◆ THE PROBLEM
Would you print all of the entries exactly, please, but without their pictures?

◆ DATA TO EXAMINE
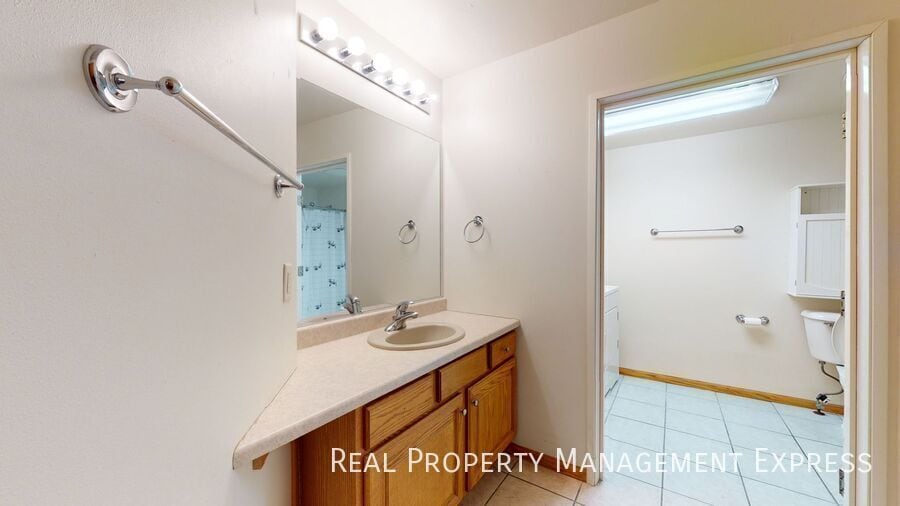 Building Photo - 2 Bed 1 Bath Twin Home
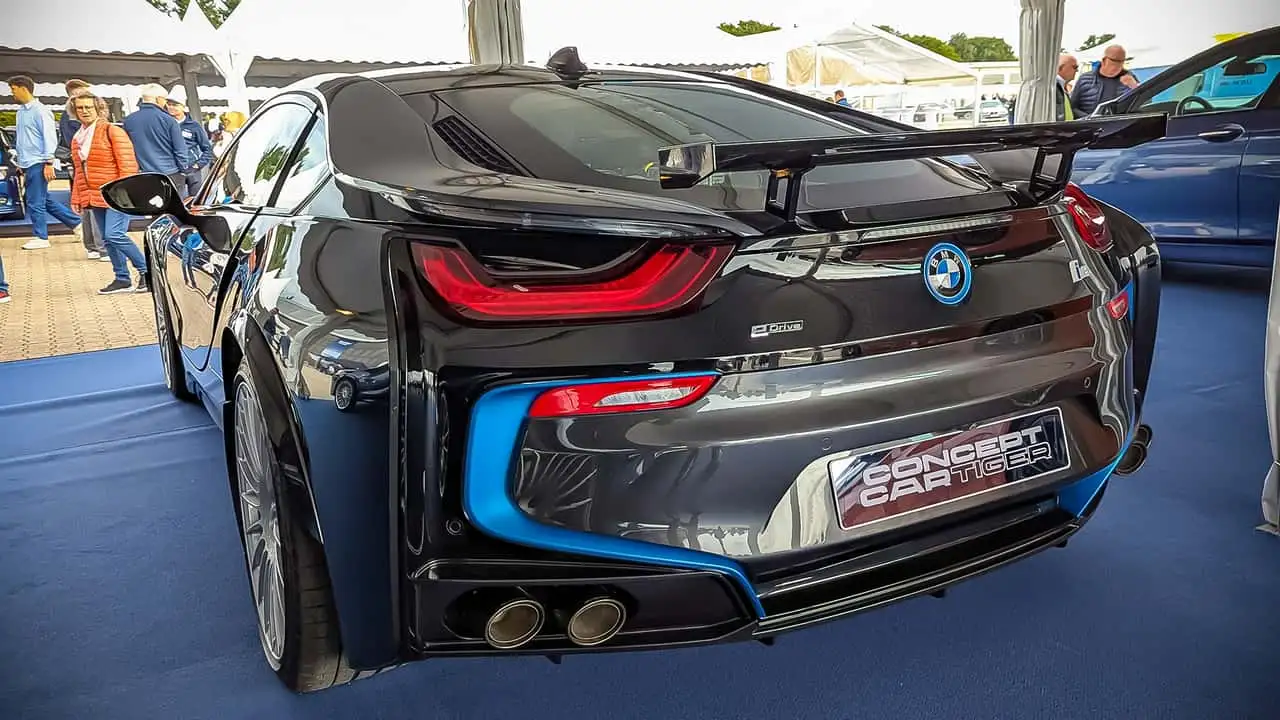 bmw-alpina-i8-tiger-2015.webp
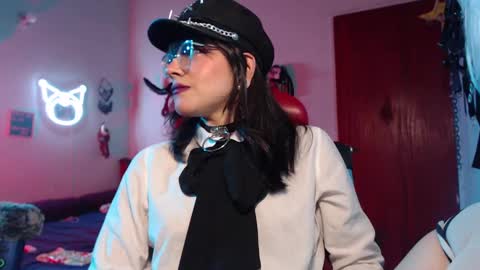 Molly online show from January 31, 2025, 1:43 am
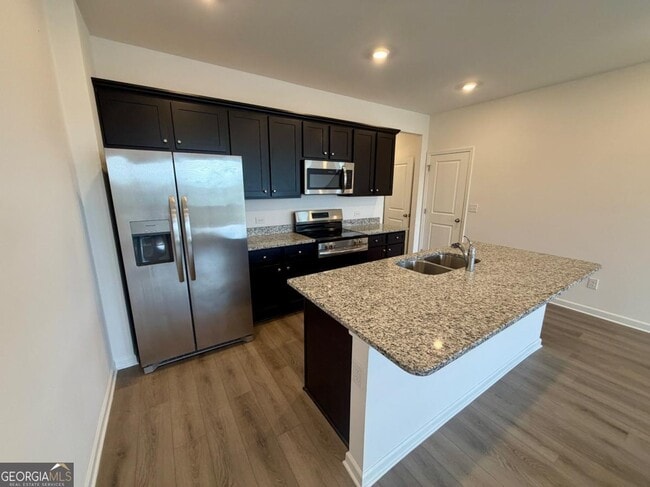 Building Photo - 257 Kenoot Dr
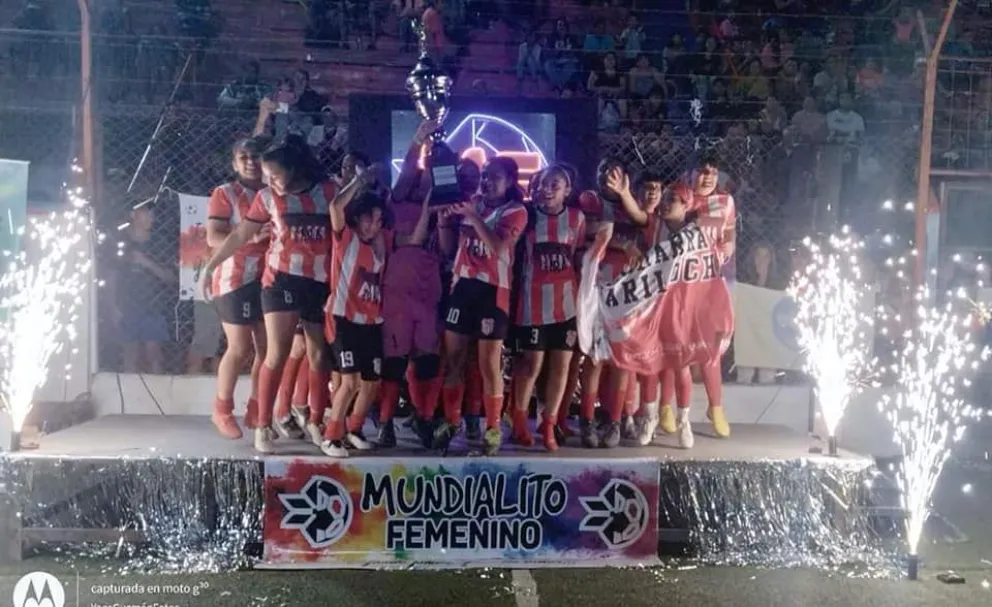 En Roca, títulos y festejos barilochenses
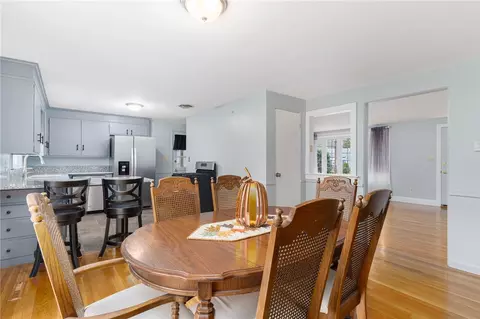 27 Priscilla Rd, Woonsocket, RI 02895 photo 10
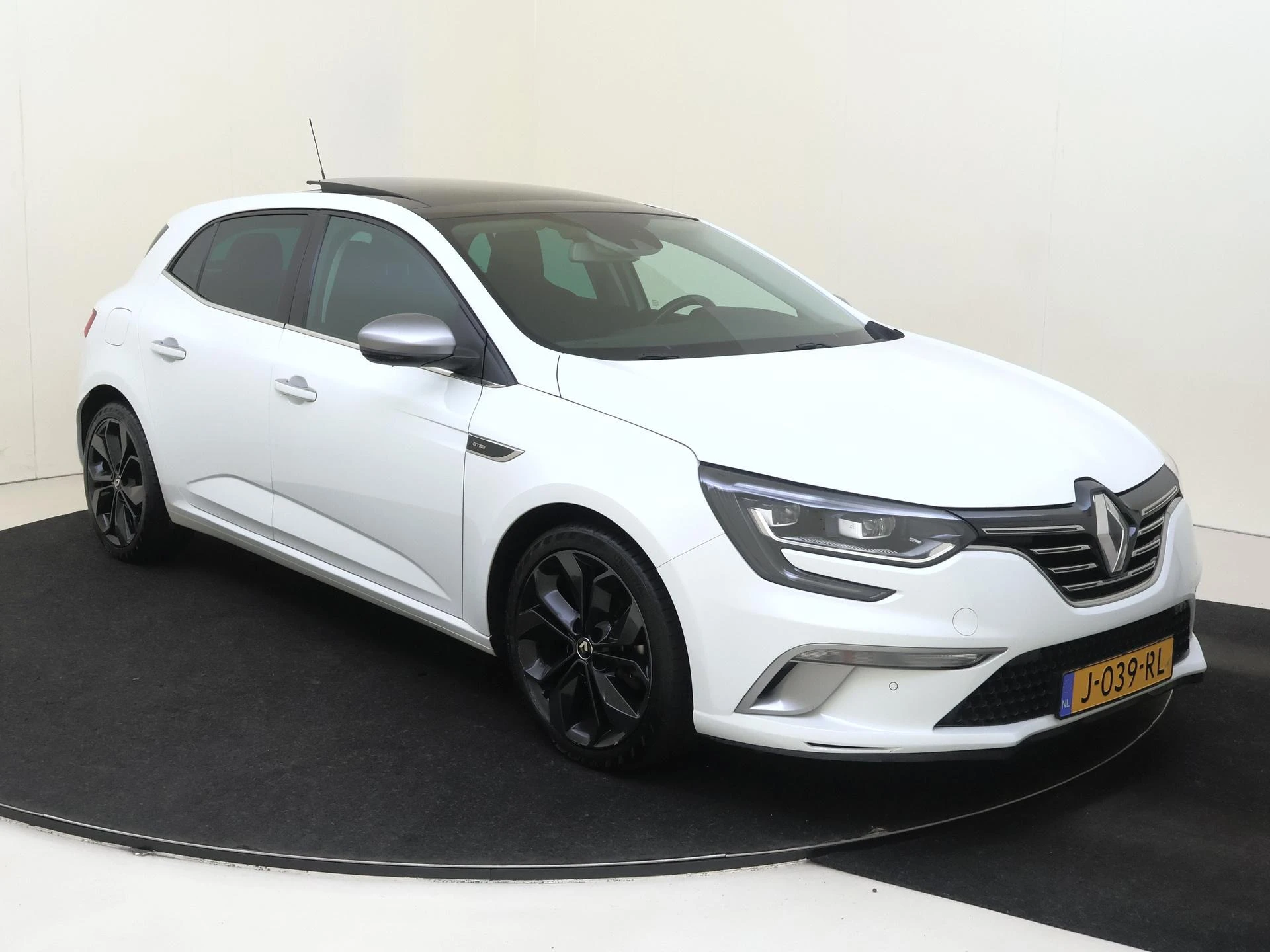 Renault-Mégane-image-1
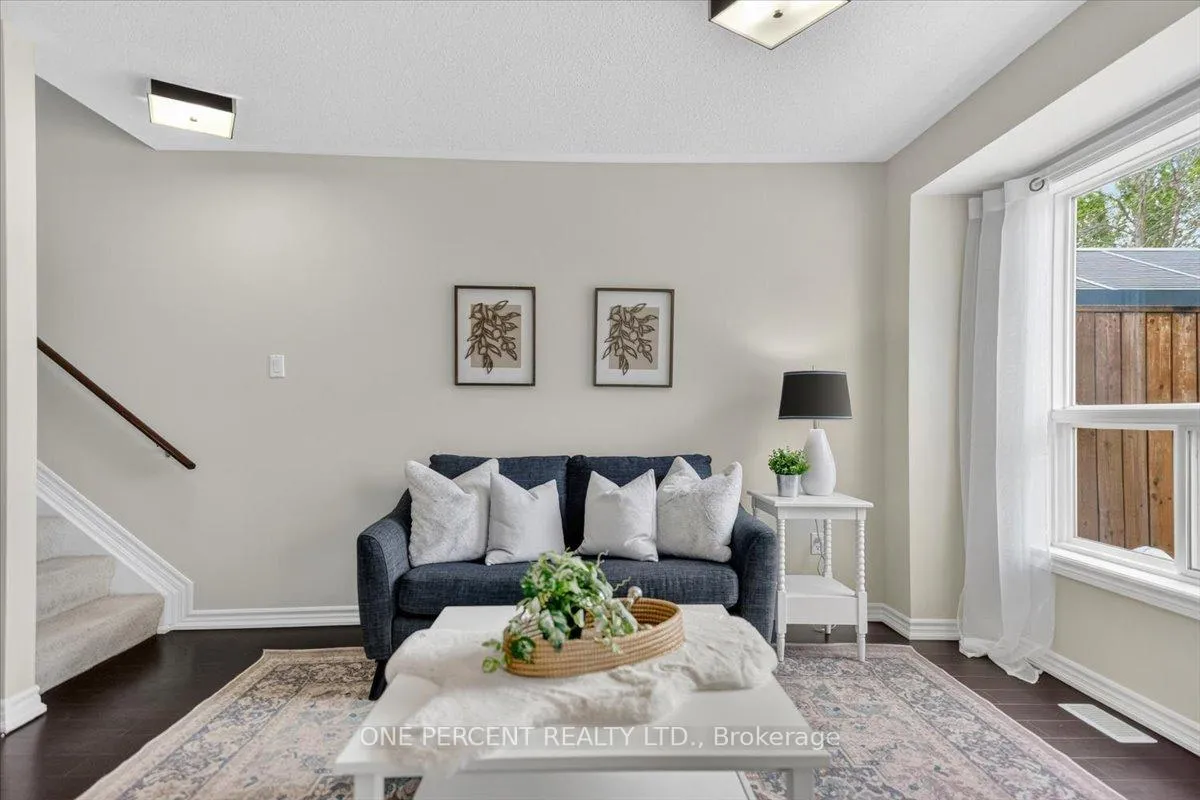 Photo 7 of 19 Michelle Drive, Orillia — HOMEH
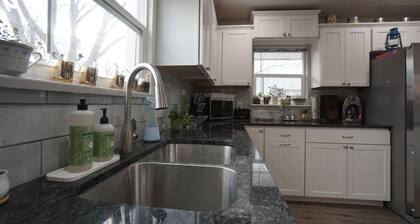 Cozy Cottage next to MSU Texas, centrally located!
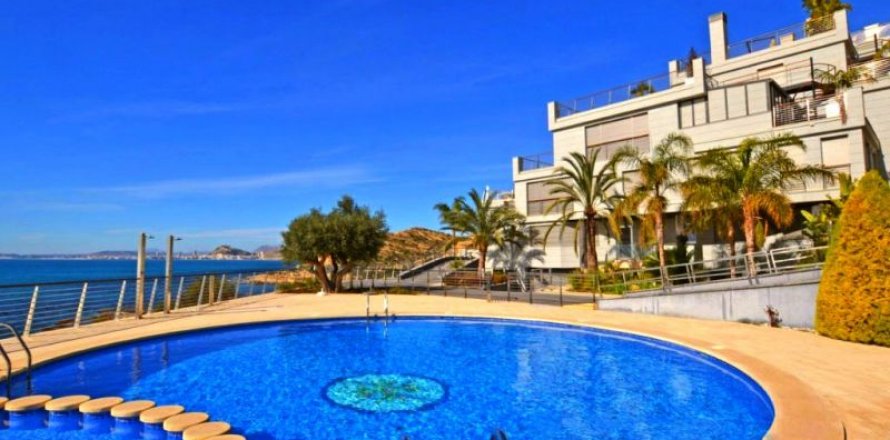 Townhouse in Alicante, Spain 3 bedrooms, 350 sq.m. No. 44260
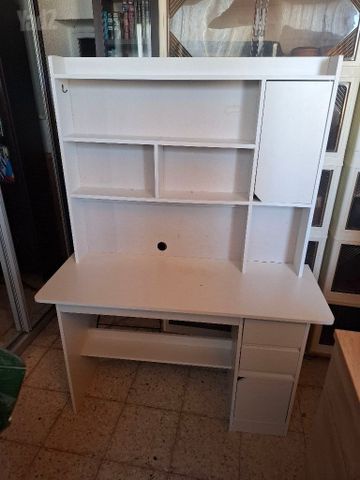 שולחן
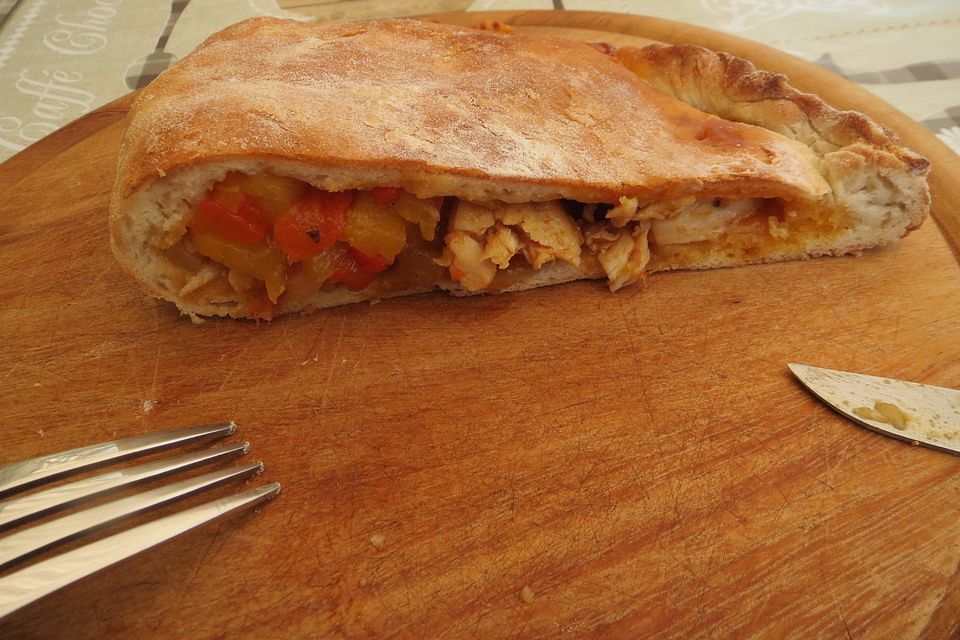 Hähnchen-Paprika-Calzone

◆ TASK ANSWER
 Building Photo - 2 Bed 1 Bath Twin Home
 bmw-alpina-i8-tiger-2015.webp
 Molly online show from January 31, 2025, 1:43 am
 Building Photo - 257 Kenoot Dr
 En Roca, títulos y festejos barilochenses
 27 Priscilla Rd, Woonsocket, RI 02895 photo 10
 Renault-Mégane-image-1
 Photo 7 of 19 Michelle Drive, Orillia — HOMEH
 Cozy Cottage next to MSU Texas, centrally located!
 Townhouse in Alicante, Spain 3 bedrooms, 350 sq.m. No. 44260
 שולחן
 Hähnchen-Paprika-Calzone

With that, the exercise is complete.